You could at least do a Christmas dessert like a Christmas pudding or mince pies... (keep a French buche handy too just in case!)

anna2-74619 1195029899

Hmmm maby...any idea where I can pick up a veggie Christmas pud in Paris???

mossie-74765 1195033280

I can send you a recipe for one if you like. I make it every year, it is dead easy, light and citrussy as I don't like the traditional dark ones. It is always a hit with visitors and I now have to make (and send) ones to the mother in law and former neighbour.


camille-72237 1195035481

Please email me a dopy of that recipe mossie!

bb-73099 1195457439

me too please mossie - that pud recipe sounds grand

LizzyB-75246 1195498773

Could you post the recipe on this forum as I too am a vegetarian interested in a suet free pud!

mossie-74765 1195551080

OK, here goes: Christmas Pudding Recipe - long list of ingredients but still very easy.

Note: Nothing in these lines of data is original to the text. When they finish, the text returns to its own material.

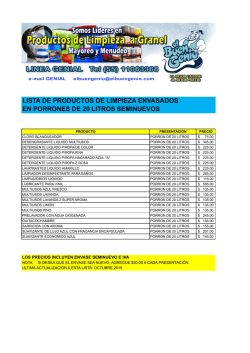 lista de productos de limpieza envasados en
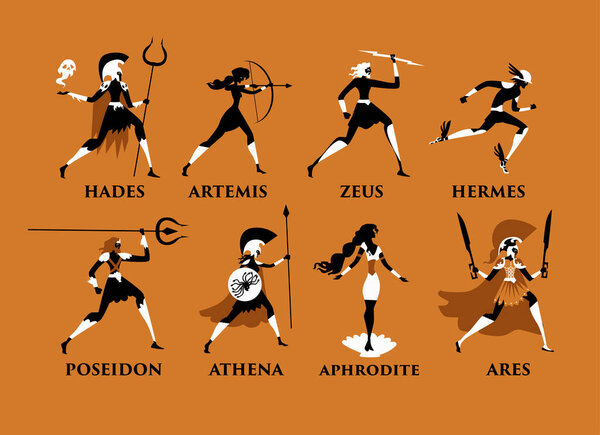 greek mythology orange and black figures olympus gods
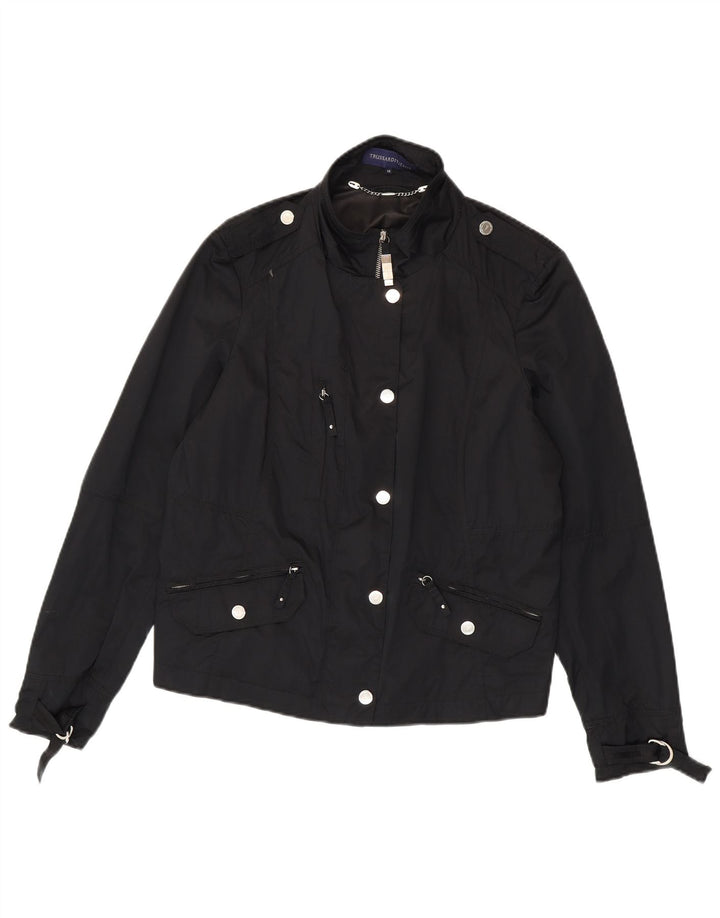 Trussardi Jeans Damen Militärjacke IT 48 XL Schwarz Polyester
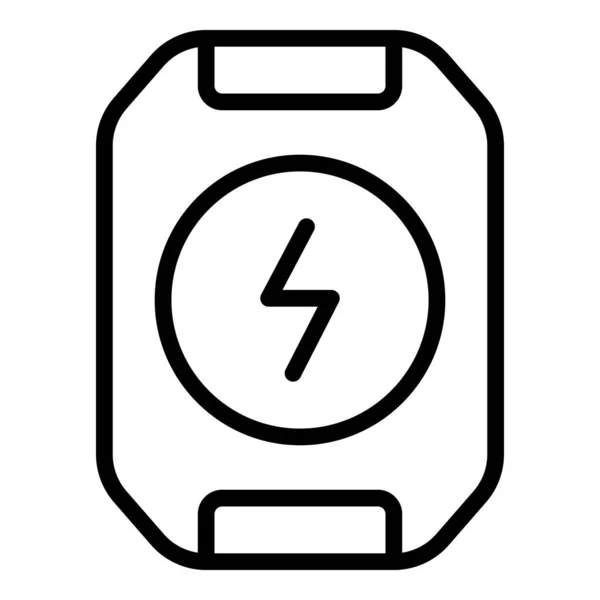 Draadloos Powerbank Icoon Omtrek Vector Machtsbatterij Usb Kabel — Stockvector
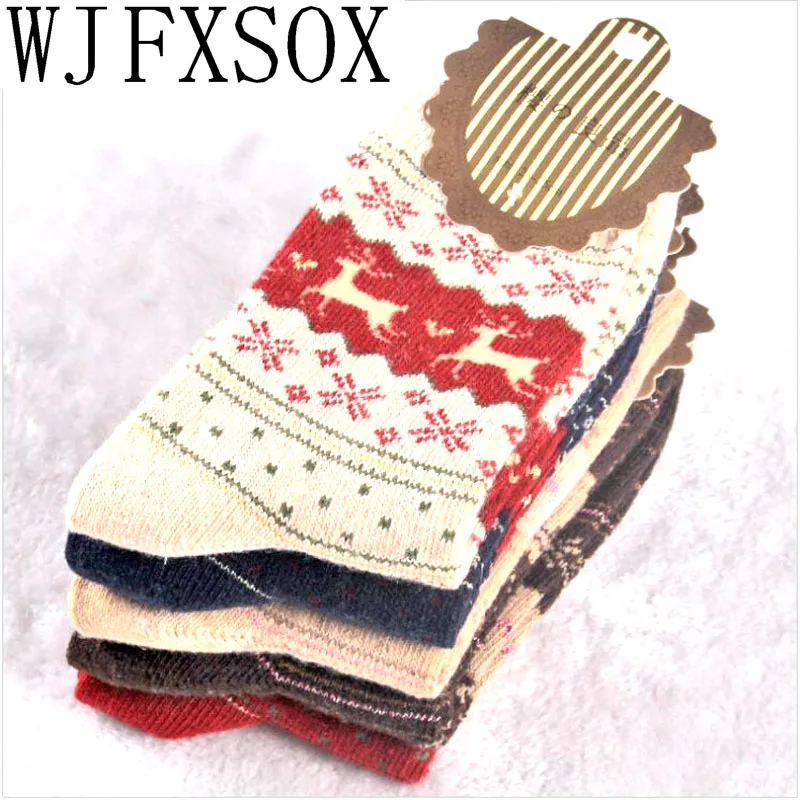 WJFXSOX 1 пар/лот теплые носки для зимы женщин Рождественский Золотой олень из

75g self raising flour, pinch of salt, 1 teaspoon mixed spice, 1 teaspoon grated nutmeg, 1 teaspoon ground cinnamon, 150g stoned raisins,100g sultanas, 75g currants, 75g candied peel, 50g dates, chopped, 50g candied pineapple, 50g candied papaya, 25g candied cherries, 1 dessert apple, peeled and grated, 1 carrot, peeled and grated, 50g almonds, blanched and chopped, 200g shredded vegetable suet, 175g fresh white breadcrumbs, 100g soft dark brown sugar, 3 eggs beaten, 3 tablespoons brandy, 85 ml brown ale, juice and grated rind of one orange, butter for greasing bowl, 1 tablespoon brandy to serve.

Serves 8-10. Preparation time 1 hour. Cooking time: 6 hours plus three on the day.

The pudding can be made in advance and left to mature in the same way as heavier puddings.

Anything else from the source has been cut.